Start of INPUT

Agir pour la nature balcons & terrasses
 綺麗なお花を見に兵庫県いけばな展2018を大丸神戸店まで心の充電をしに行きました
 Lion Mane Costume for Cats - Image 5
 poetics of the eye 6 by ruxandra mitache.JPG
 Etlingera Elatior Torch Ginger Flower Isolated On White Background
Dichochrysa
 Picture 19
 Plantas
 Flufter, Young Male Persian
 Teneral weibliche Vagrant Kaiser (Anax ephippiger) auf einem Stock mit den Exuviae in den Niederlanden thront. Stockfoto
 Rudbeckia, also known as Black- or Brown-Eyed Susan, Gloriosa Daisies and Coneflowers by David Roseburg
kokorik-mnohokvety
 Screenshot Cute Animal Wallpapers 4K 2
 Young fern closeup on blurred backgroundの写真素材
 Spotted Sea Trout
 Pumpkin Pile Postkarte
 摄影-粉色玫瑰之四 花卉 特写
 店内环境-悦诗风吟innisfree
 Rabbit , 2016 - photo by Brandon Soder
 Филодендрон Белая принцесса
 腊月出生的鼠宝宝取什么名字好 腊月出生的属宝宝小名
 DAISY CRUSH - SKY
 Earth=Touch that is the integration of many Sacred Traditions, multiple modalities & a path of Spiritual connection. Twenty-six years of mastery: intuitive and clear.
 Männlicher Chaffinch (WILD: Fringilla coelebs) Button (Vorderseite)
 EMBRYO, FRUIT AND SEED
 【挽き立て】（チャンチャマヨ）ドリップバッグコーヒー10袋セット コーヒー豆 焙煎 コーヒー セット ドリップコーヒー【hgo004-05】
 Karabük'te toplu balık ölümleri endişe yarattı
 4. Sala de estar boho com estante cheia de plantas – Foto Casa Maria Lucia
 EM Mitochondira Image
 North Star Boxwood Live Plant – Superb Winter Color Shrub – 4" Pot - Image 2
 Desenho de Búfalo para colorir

End of INPUT

EXERCISE PROMPT: Which lines above include "Young"? Show each of them by copying it.

SOLUTION TO THE PROBLEM:
 Flufter, Young Male Persian
 Young fern closeup on blurred backgroundの写真素材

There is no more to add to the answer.